Requirements for Full Tax Deferral
 
1. REINVEST ALL EXCHANGE PROCEEDS - If an Exchanger does not reinvest all exchange proceeds from the sale of the relinquished property, the balance received is considered "cash boot," and gain may be recognized on that amount.
 
2. ACQUIRE PROPERTY WITH THE SAME OR GREATER DEBT - If an Exchanger does not acquire a replacement property with an equal or greater amount of debt, he or she is relieved of a debt obligation, which is considered "mortgage boot." The IRS considers this reduction in debt a benefit to the Exchanger; therefore, it is taxable, unless it is offset by adding equivalent cash to the replacement property purchase.
 
Key Terms
 
1031 exchange Internal Revenue Code Section 1031 states that no gain or loss is recognized where property held for investment or productive use in a trade or business is exchanged solely for property of like-kind which is to be held for investment or productive use in a trade of business.
 
1031 TIC Exchange (Tenants in common 1031 Exchange) is a form of real estate asset ownership in which two or more persons have an undivided, fractional interest in the asset, where ownership shares are not required to be equal, and where ownership interests can be inherited. Each co-owner receives an individual deed at closing for his or her undivided percentage interest in the entire property.
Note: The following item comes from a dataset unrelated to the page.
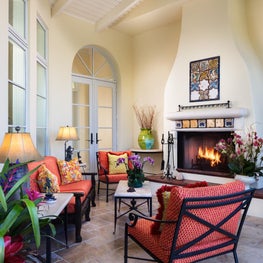 White backdrop with colorful patterned furniture surrounding tiled fireplace.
In brief, a TIC owner has the same rights and benefits as a single owner of property.
 
3 (Three) Property Rule The Exchanger may identify up to 3 properties, without regard to their value.
 
45 Day Identification Rules The guidelines that must be followed when making a 1031 tax deferred exchange, such as the 3 Property Rule, 200% Percent Rule, and 95% Percent Rule.
 
Absorption Rate: The net change in space available for lease between two dates, typically expressed as a percentage of the total square footage.
 
Accredited Investor (Individual): a natural person who has individual net worth, or joint net worth with the person’s spouse, that exceeds $1 million at the time of the purchase; a natural person with income exceeding $200,000 in each of the two most recent years or joint income with a spouse exceeding $300,000 for those years and a reasonable expectation of the same income level in the current year.
 
Boot Fair Market Value of non-qualified (not “like-kind”) property received in an exchange. (Examples: cash, notes, seller financing, furniture, supplies, reduction in debt obligations.) Receipt of boot will not disqualify an exchange, but the boot will be taxed to the Exchanger to the extent of the recognized gain.
capital expenditure.
 
Capitalization Rate: The rate that converts income into a value which provides a reasonable return on investment (on the basis of both the investor's alternative investment possibilities and the risk of the investment). Used to determine and value real property through the capitalization process. Also called "free and clear return."
 
Cash on Cash Return: The ratio of annual equity income to the equity investment; also called equity capitalization rate, cash flow rate, or equity dividend rate.
 
A condo-hotel or a hotel-condo is a building used as both a condominium and a hotel. This type of residential building meets several needs that make it attractive. As development costs increase, the cost of hotel development can make developing new hotels difficult, especially in major cities. By selling the units as condos, the developer moves much of the development cost to the condo owners. By owning units that can be rented as hotel rooms, the owners are able to get a return on their investment allowing them the ability to own a residence in a resort or major city.
 
Constructive Receipt: A term referring to the control of proceeds by an Exchanger in a 1031 exchange even though funds may not be directly in their possession.
 
Deed A legal instrument transferring title to real property from the seller to the buyer upon the sale of such property.
 
Deferred Exchange refers to an exchange of one property for another of "like kind". The capital gain tax owed on the sale of the property or item is deferred until sale of the exchange property.
 
Disqualified Person refers to a seller's relatives (determined under income tax regulations) or agents (including your attorney and your accountant).
 
DST The Delaware Statutory Trust, or DST, is a separate legal entity created as a trust under Delaware statutory law. The law permits a very flexible approach to the design and operation of these entities. The IRS issued a revenue ruling on July 20, 2004 regarding the use of DST's for purchase of fractional interests in real property in conjunction with a §1031 exchange
 
Escrow is an agreement between two or more parties, requiring that certain instruments, monies, or property be placed with a third party for safekeeping, pending the fulfillment of performance of a specified act or condition.
 
Exchange Period The period during which you must acquire the replacement property, beginning on the day on which you transfer your relinquished property and ending at midnight on the 180th day after that.
 
First Refusal Right or Right Of First Refusal (Purchase): A lease clause giving a tenant the first opportunity to buy a property at the same price and on the same terms and conditions as those contained in a third party offer that the owner has expressed a willingness to accept.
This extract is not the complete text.